1. Fear can be useful (“the mother of safety”) or delusional = ideal for examining the often misunderstood mental mechanics of emotions and logic.

2. “America is full of fear,” writes Marilynne Robinson. She feels “irrational responses to irrational fears” animate America’s gun ownership (rates ~5 percent to ~60+ percent by state).

3. Bone-deep fear fuels Ta-nehisi Coates’ latest book. His childhood streets were an “array of lethal puzzles.” He feared “those who loved him most.” His father felt “either I can beat him or the police.” All that fear bred violence. It still shapes Coates’ worldview.

4. Politically, “fear of the other party” dominates love of your party (graphic polarization).

5. Our “indirect rationality” means facts usually can’t cure false fears directly or quickly.

6. Feeling IS fast thinking. Per Daniel Kahneman’s two-mind framework, “System 1” generates feelings = rapid, reflex reactions; “System 2” deliberates, consciously, slowly.

7. System 1 does its thing first. Then System 2 kicks in, usually using System 1’s output. Whatever explicit facts System 2 gets, they’re framed by System 1’s separate (“hidden brain”) learning system, which constantly, unconsciously, collects the patterns of your anecdotal unstatistical environment (making toddlers and liberal pundits react like racists).

8. “Rational choice” thinkers typically believe emotions cause irrationality. Reason must overrule emotion’s errors, and better facts ensure better actions (hence nutrition labels, largely ineffective).

9. Logic and emotion aren’t “opposites.” They’re inseparable (see Plato’s chariot). Either can be apt or inept.

10. Feelings process sensory inputs by a logic — your culture’s emotional grammar, your childhood’s patterns, your subsequent psychology. Coates’ book lays out his fearful logic.

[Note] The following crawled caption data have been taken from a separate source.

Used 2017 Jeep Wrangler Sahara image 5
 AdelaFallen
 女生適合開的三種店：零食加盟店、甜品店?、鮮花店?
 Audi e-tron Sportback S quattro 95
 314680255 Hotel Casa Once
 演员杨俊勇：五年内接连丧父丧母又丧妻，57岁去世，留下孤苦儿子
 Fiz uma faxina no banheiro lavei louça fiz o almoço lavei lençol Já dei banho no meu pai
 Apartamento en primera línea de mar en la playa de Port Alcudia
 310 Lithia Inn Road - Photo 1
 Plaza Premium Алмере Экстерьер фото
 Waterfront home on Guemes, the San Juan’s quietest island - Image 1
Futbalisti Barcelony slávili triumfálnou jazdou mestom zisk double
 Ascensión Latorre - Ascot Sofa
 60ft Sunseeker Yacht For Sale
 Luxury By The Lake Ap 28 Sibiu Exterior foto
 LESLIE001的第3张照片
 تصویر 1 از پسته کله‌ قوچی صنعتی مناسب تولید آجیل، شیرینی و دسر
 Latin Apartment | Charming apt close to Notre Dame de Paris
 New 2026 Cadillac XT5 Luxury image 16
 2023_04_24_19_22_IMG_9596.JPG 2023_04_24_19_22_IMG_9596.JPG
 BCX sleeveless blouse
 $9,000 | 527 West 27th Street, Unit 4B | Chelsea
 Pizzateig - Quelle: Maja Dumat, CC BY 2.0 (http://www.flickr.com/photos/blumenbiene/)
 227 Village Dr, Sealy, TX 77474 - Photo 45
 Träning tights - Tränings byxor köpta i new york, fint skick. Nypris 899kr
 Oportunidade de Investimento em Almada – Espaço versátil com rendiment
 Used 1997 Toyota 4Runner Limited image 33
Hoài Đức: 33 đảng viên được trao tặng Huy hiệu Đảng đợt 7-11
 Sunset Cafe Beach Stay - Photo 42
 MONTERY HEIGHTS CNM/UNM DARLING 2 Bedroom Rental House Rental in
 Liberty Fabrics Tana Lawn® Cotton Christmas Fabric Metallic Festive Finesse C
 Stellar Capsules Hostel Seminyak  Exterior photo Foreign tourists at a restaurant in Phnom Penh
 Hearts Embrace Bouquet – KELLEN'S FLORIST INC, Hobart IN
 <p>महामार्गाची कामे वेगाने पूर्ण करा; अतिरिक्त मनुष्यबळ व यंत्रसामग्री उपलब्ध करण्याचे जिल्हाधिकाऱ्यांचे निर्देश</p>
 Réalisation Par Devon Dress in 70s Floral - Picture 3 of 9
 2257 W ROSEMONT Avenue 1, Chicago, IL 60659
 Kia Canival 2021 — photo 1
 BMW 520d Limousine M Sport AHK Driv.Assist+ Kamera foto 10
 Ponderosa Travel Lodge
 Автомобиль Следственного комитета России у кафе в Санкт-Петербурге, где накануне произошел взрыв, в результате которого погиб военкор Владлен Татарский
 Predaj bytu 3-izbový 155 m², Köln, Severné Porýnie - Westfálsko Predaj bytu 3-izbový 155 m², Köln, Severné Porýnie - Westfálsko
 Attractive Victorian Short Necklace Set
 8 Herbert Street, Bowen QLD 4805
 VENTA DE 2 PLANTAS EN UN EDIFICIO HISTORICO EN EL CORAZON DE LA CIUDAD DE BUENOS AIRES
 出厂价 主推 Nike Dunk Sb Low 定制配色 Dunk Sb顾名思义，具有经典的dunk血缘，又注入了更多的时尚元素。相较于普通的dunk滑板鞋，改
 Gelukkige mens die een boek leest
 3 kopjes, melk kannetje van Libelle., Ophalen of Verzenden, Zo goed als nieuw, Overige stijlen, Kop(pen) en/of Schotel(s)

11. Conscious thinking usually has emotional goals (to feel good/right). And thoughts can be incoherent (e.g., Robinson questions “a well-regulated militia” meaning guns for all). Plus what’s called rational can be unrealistic or ridiculously self-destructive

12. David Hume’s “Reason is, and ought only to be the slave of the passions” gets the mechanics right, but needs modification. System 2 reason starts from our feelings, preferences, biases, assumptions … but System 2 can retrain System 1 reactions = reason reshaping passions.

13. Surely better models of our nature should be habit driven (like us). We evolved to often act without consciously deciding, using System 1 habits. We can be rational (actions matching aims) indirectly, when acquiring System 1 patterns. They’ll then be automatically triggered, mindlessly repeated, often. Altering (second-nature) habits requires slow, hard retraining.  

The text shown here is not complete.